At some point I began to realize that I was doing all of the meaning-making. I was the one doing the really deep learning as the creator. I was the one struggling through the creative design process. Even when it was an "inquiry-based" lab where we had a class discussion where students came up with testable variables, it was the same set of equipment on each table and it was fairly obvious what to do with it. Even when it was a "engineering design" project, if the task was so well defined that it pigeon-holed solutions to all of the same type of solution, then much of the meaning-making happened before student got ahold of it.


If we really want to students to get passionate about their work and learning then we need to maximize the meaning in what they do. Jumping through someone else's hoops can be fun, but fun doesn't necessarily mean passion and meaning, it might just mean they are entertained.

Scrap your plans, or at least open them up to modification

The solutions to the problem of the teacher taking on all of the creative design of a classroom experience involve two options:
  1. Involve student in the creative design process to determine what they do.
  2. Hand over the creative design process to them to determine what they do.
I think involving both in a class is important. The first models the process without leaving them stranded with no ideas, and the latter truly maximizes student creativity.

The next time you have a cool idea, stop yourself before you work out the details. Or at least don't share the details with your students. Present the idea as unworked, and work your way through what you might do with it with them. 

For example, I have an idea that it might be fun and useful to use golf balls and ping pong balls for all kinds of physics stuff for in-person socially distanced and possibly remote learning this year. But I am holding off on working anything out as to how that might play out. I am going to involve them in discussions like how we might track them, or how to make them move in different ways. I'm going to get a bunch of golf balls and ping pong balls and be ready to hand them over with some advice for measuring and data handling.

If you have a general concept problem you want them to sort out, instead of dreaming up a way for them to do it, let them do it. For example, take the NGSS HS-PS2-3 Motion and Stability: Forces and Interactions:
Apply science and engineering ideas to design, evaluate, and refine a device that minimizes the force on a macroscopic object during a collision.
Give them that and nothing else. No equipment, no ideas, and nothing to save in a collision. Watch how crazy awesome it turns out. You might be tempted to have them all do the egg drop for this, but hold on to that idea to share with groups in case they hit a creative roadblock. Instead, have them identify an object to save, a scenario for a collision, and establish a maximum for for collision and work their own project.

Give students freedom to show mastery how they see fit. Ask them to do just that -- create something that shows your understanding of this concept.

If you want them to focus more on a skills and less on a subtopic then give them that freedom. For example, if my students have just learned to define functions in Python, I might ask them to write a function that does something useful for the physics they have learned so far.

Project-based learning is this embodied, but it can be easy to accidentally narrow down solutions and stifle creativity. Take, for example, the mousetrap car project. Assign that to students and they already know they are making a mousetrap car, and you can bet that they are scouring the internet for solutions. There went to creative design part of solving. Intead, have them make a vehicle powered by stored elastic potential energy.
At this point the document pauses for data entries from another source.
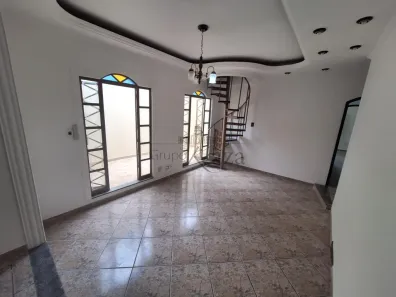 Sobrado com 4 Quartos à venda, 200m² no Bosque dos Eucaliptos, São José dos Campos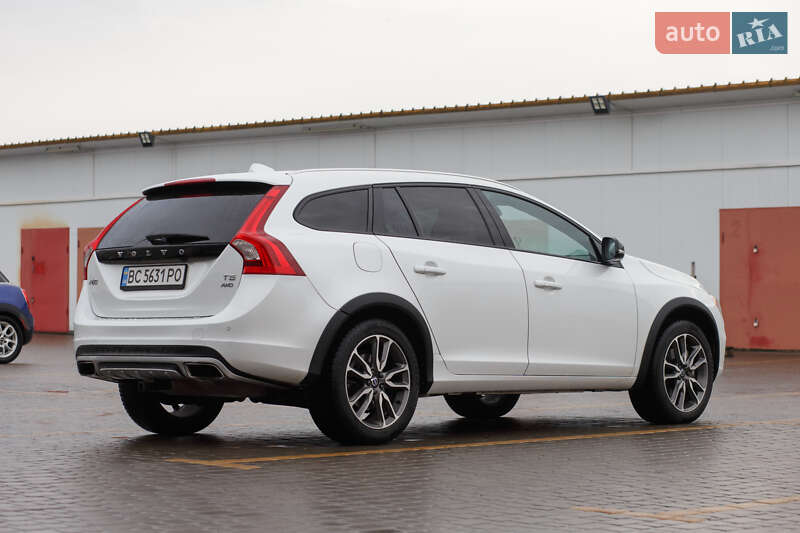 Универсал Volvo V60 Cross Country 2016 в Львове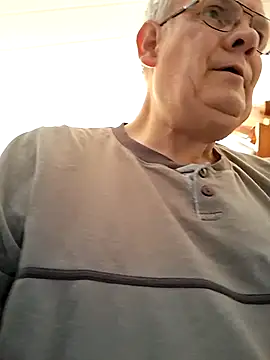 Mannauslwl57 online show from August 5, 3:55 am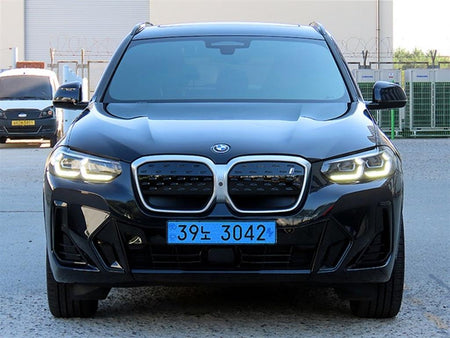 BMW iX3 — photo 01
I like to do a spaghetti bridge project, which is pretty common in physics and engineering courses. But I added my own twist to make the solutions they could look up not so useful and to force them to get more creative. I asked them to make their bridge able to move out of the way for a certain sized object to pass through and then move back only under the influence of pulling cables (string). That might seem like a highly restrictive addition, but it actually forces all kinds of crazy creative solutions that are way more varied that just different truss designs like you get from static bridges. Trusses and all of the analyses of force components and balance will still be involved, but they won't be looking up solutions. In fact, they kind of have to invent their own problem to solve first, like, I need a bridge that lifts out of the way, or I need a bridge that swings out of the way.

These kind of adjustments involve letting go and relinquishing control to your students. It is definitely necessary to first build relationships, trust, and some expectations before you dive into complete freedom mode.
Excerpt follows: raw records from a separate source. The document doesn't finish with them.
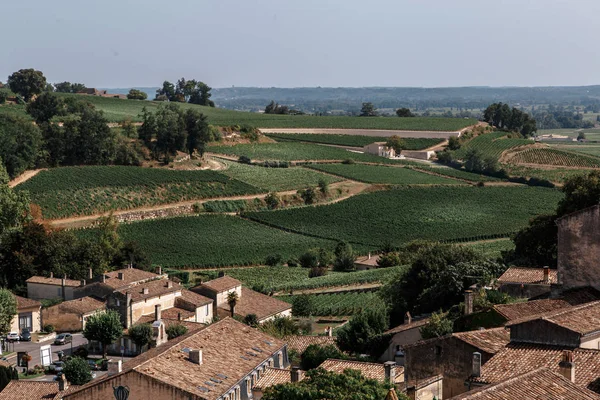 Panorama Pequena Cidade Antiga Com Plantações Vinho França Fotos De Bancos De Imagens Sem Royalties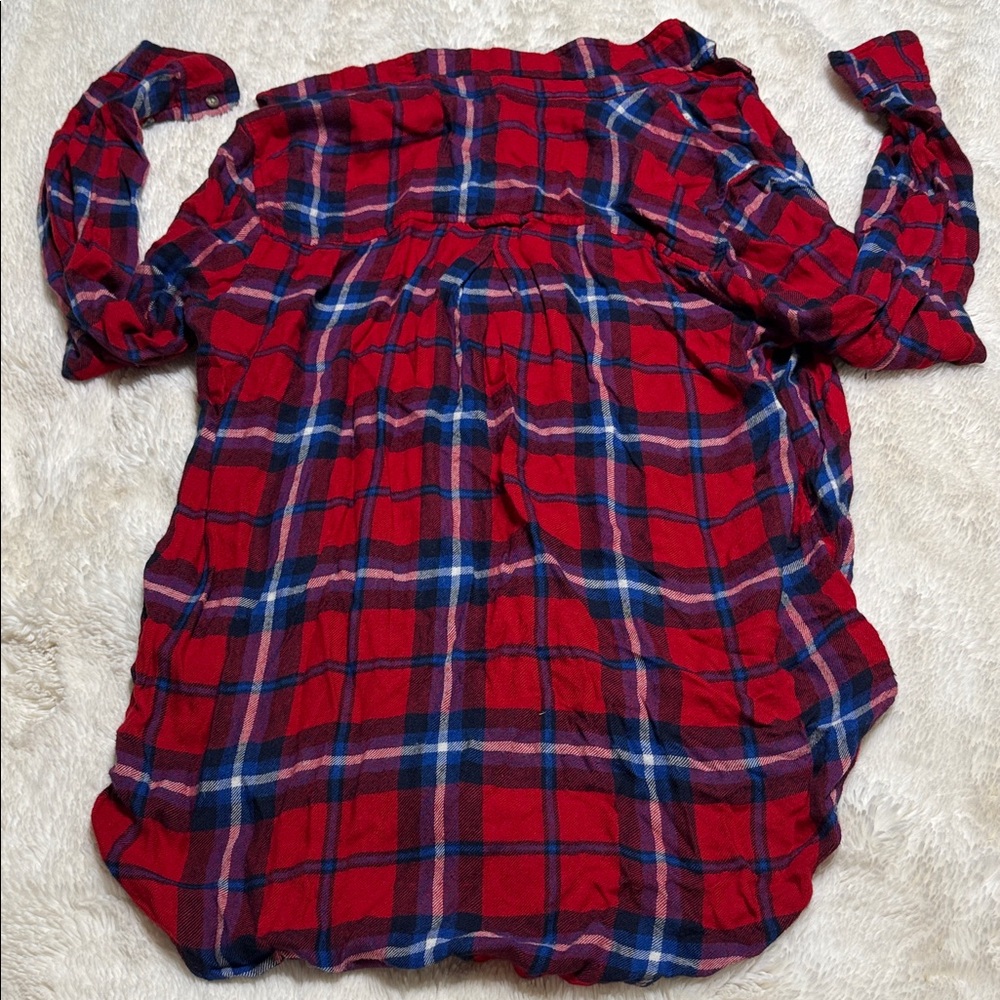 American Eagle Outfitters Red and Blue Plaid Button Down Shirt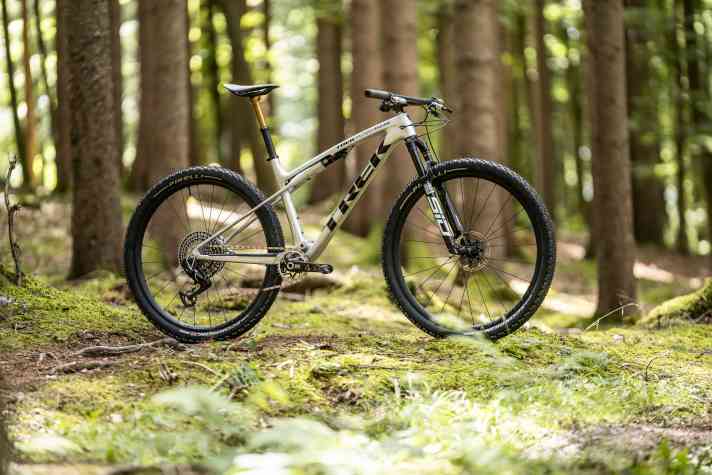 The name Trek Supercaliber stands for racing like no other bike of the last five years. Short suspension travel and a super-light frame make for an explosive mix.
How to do this, in general

Pick an activity you have for your students and walk it back the the problem that it is designed to solve or the desired understanding outcome. Present the problem to the students and talk about it until it makes sense. Establish whatever common vocabulary and ideas you need. Be careful not to try to establish your understanding of what they are exploring. You want them constructing that themselves, not trying to confirm your understanding. Get them in groups brainstorming ways to solve the problem, and then turn them loose. Then your job becomes one of support, trying to help them with tools, relevance, and technical skills.

Things to try avoid as you do this:
  • Trying to force your understanding on them
  • Trying to steer them to all do the same thing by giving them all the same equipment and/or a pigeonholing task.
  • Giving them a highly restrictive template for summarizing and communicating their understanding.
The last one might require having established norms for technical commiunication and options for platforms, but those are much better than sheets to fill out.

After they are done exploring, celebrate their work as a class. Do a poster session (or whiteboard, forum post, etc). Have them look for patterns. At this point you can summarize and standardize their work and the idea as a class as much as needed. If you are bound to a crappy system like AP and you feel the need to make them solve the same problems then you can get them started on those. I you are not, then get the to start figuring out what kinds of problems they can solve with their new understanding. Have them identify, or better yet, invent their own problems.

Relinquishing control to students is not easy for most teachers. It feels like a high risk choice, but we have to remind ourselves that we are already content experts. We have our understanding, although it will probably get even better by being part of students building theirs. The real high risk choice is trying to give student our understanding and expecting them to work within it. It doesn’t work for many students, because it isn’t theirs.

Wednesday, August 12, 2020

Digital Learning Portfolios

Purpose

Students creating and publishing digital portfolios allows them to personalize their learning. If they are used with self evaluation and reflective writing, portfolios can also get them focused on their growth and progress, developing metacognition.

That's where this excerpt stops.